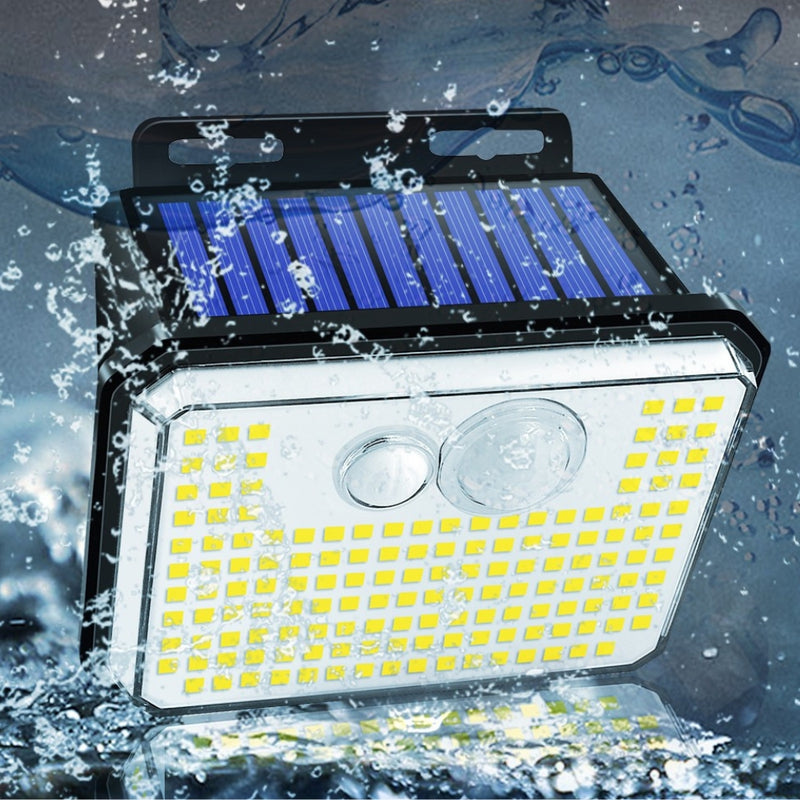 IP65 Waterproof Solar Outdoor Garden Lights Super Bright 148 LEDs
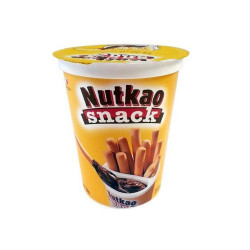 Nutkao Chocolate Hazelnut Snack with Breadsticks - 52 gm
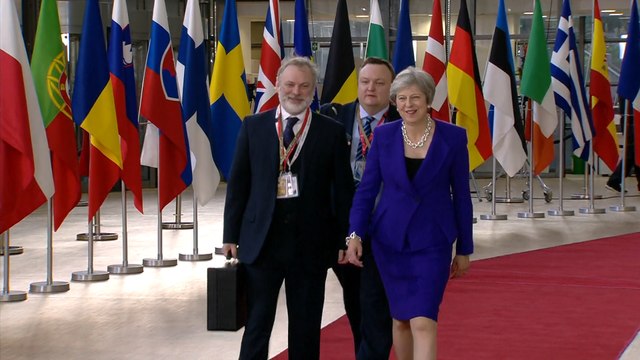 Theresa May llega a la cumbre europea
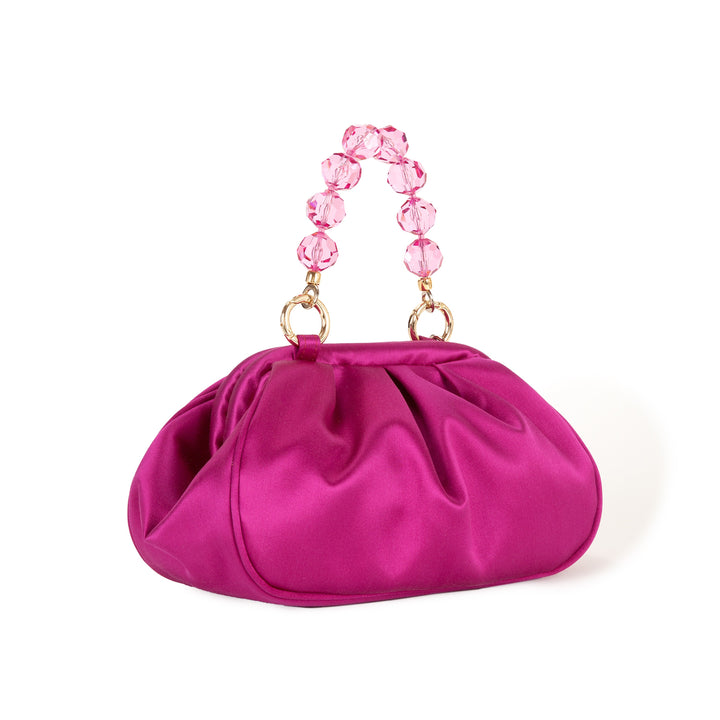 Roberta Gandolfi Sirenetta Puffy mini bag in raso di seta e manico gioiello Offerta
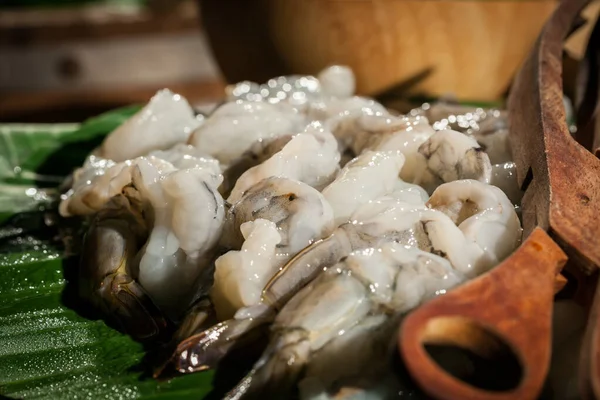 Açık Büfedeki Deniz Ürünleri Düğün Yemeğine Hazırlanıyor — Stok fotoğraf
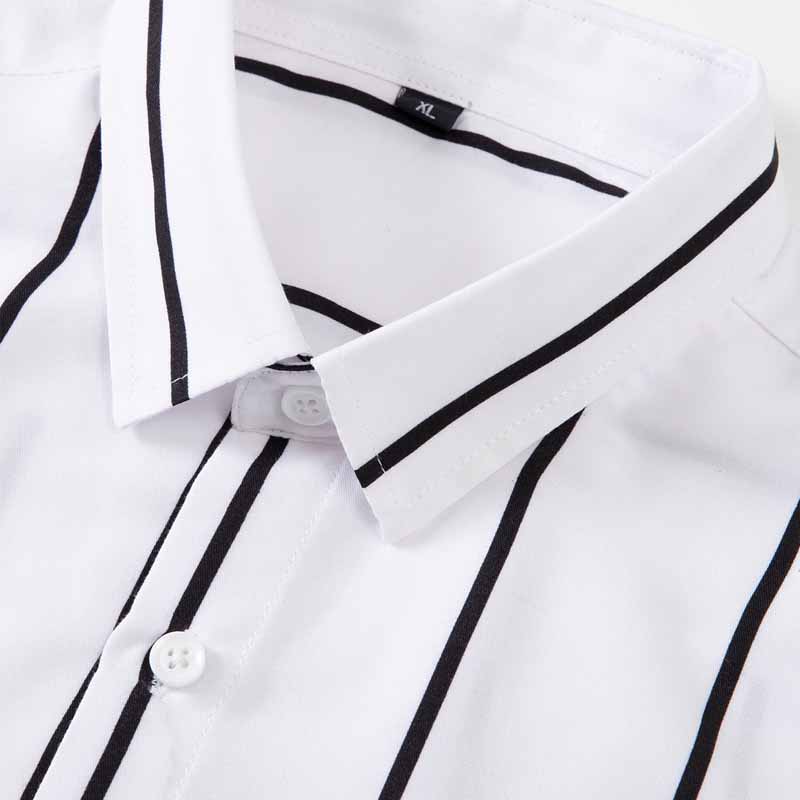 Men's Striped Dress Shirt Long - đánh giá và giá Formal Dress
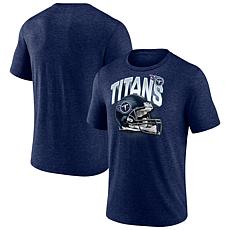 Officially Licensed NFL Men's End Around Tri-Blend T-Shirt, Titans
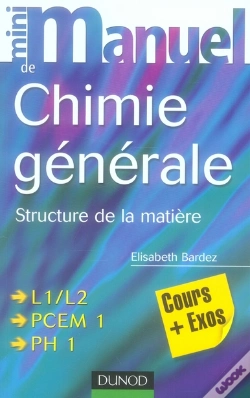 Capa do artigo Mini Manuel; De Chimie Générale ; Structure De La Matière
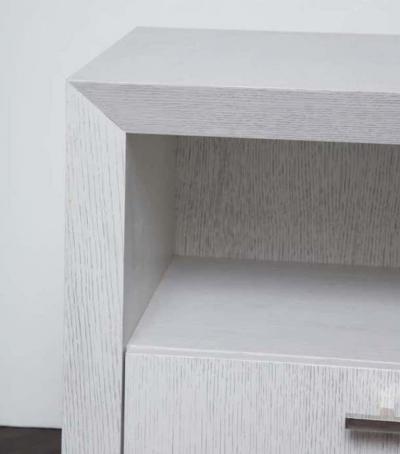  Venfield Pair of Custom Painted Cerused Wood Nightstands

## EXERCISE PROMPT
Pictures stay out; retype only the lines from the line containing "Capa do artigo" through the end of the listing, inclusive, exactly as they appear.

## ANSWER FOR THIS EXERCISE
 Capa do artigo Mini Manuel; De Chimie Générale ; Structure De La Matière
  Venfield Pair of Custom Painted Cerused Wood Nightstands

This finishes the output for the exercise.